Data extracts
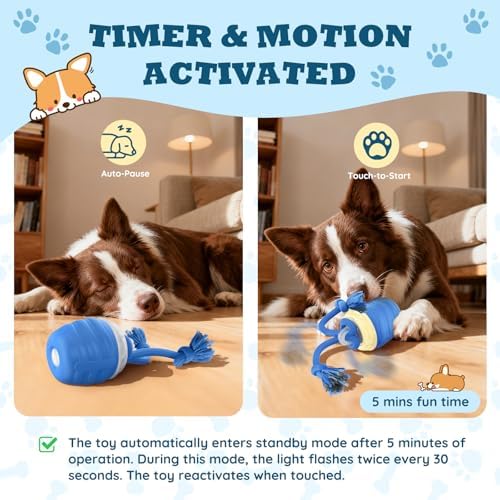 Interactive Dog Toys -Automatic Moving and Rolling Dog Toy for Large/Medium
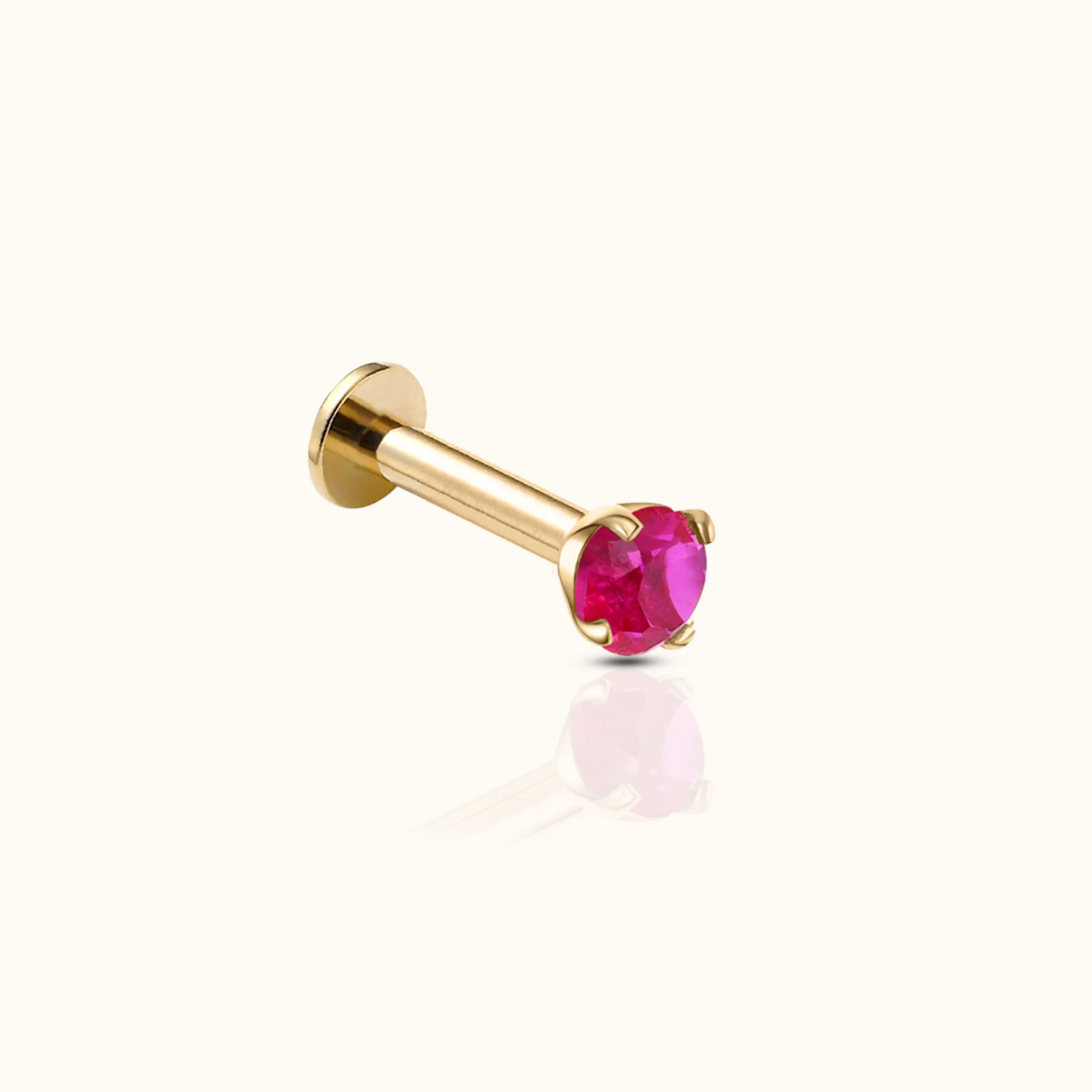 14K Solid Gold 3mm Ruby CZ Threadless Labret Flat Back Earring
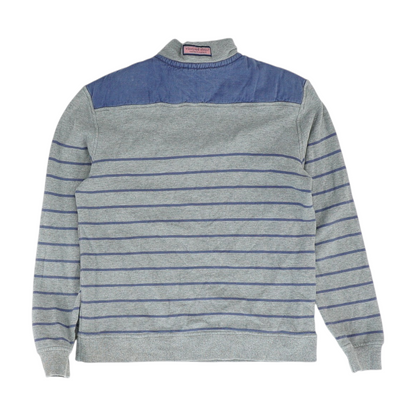 Gray Striped 1/4 Zip Pullover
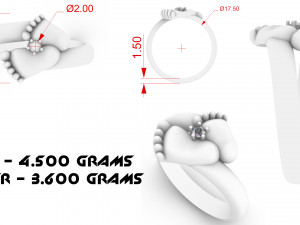 baby foot ring Model Cetak 3D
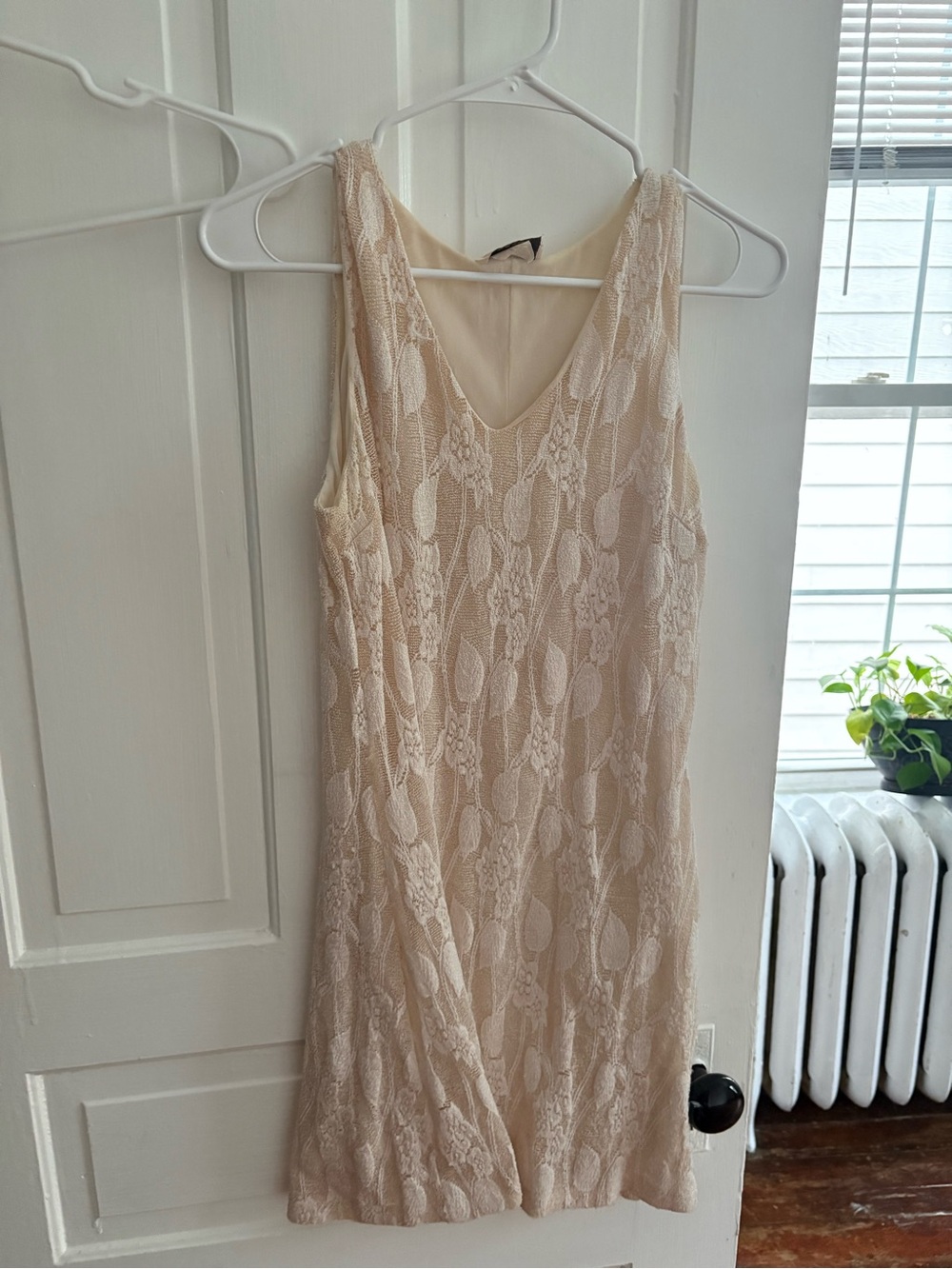 VINTAGE Sleeveless Lace Slip Dress - Cream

Exercise
Restate each entry word for word. Omit every picture.

Reply
 Interactive Dog Toys -Automatic Moving and Rolling Dog Toy for Large/Medium
 14K Solid Gold 3mm Ruby CZ Threadless Labret Flat Back Earring
 Gray Striped 1/4 Zip Pullover
 baby foot ring Model Cetak 3D
 VINTAGE Sleeveless Lace Slip Dress - Cream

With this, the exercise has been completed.